This may only be one of many culminating points in an ongoing awakening for Rose, which began, according to her, in the late 2000s when a lot of “Lemony Snicket” events (referring to his ‘a series of unfortunate events’ books) had her “dismantling.” The illness and death of her father and a car accident were just two of the intense happenings that kicked off this growth period (right around the time Pluto squared her own Pluto–but that’s another story).
“In the last seven years, without being totally aware of what I was doing, I was completely disengaging and separating.”
Uranus
Uranus represents the rod to which we must hold if we want to navigate the tricky terrain of the ever-developing self when the external environment presses us to conform. Whether it’s a well-meaning parent’s advice, a cultural paradigm, or an authority figure’s judgment, we are always under subtle (and sometimes not so subtle) pressures to fit in.

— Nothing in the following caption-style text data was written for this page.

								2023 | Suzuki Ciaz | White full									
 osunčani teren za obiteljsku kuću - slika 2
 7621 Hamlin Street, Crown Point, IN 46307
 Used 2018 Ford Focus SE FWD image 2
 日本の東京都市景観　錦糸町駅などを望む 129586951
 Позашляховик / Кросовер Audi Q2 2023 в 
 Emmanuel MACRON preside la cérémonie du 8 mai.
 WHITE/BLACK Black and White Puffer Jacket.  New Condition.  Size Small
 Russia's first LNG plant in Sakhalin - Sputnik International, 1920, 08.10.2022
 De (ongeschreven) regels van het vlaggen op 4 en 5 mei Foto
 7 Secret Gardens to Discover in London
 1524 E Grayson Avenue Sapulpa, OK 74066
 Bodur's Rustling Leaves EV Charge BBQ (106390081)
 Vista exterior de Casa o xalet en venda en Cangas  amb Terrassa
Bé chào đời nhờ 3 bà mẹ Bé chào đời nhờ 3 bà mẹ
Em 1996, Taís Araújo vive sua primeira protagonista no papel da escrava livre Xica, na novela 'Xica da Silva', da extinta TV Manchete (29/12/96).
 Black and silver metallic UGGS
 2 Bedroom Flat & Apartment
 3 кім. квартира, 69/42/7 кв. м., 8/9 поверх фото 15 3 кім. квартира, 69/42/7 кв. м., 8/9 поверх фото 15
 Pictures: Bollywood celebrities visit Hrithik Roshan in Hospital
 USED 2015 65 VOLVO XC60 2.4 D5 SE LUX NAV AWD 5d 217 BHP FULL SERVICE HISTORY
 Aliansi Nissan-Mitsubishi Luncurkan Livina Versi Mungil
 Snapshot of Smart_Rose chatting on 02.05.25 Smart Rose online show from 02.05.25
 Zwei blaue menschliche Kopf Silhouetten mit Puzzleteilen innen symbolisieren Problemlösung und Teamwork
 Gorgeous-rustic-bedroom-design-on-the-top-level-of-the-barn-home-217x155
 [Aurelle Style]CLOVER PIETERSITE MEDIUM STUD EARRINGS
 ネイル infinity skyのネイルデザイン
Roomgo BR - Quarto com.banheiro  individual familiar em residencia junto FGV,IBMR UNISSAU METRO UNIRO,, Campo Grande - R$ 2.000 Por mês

This cannot be reduced to the simple desire to want others to like us; it is more primal and subconscious and the stakes are higher than they seem on the surface. To truly be an outcast can threaten our very survival and if we don’t play by the rules of the powers that be, we can perish by them and not just metaphorically. There may be good reasons why we ignore Uranus’ whispers, or translate them into safer, less threatening ways to display our individuality because of this.
Uranus represents the urge to live and express yourself authentically, whether the stakes are large or small. The struggle for authenticity and the stress we experience when sacrificing or embracing it is real, whether we mask our true nature to avoid bullying at school or become a whistle-blower afraid for our very life. Uranus in our natal chart represents where and in what ways we not only think outside the box, but we often refuse, sometimes vehemently, to be boxed in or defined.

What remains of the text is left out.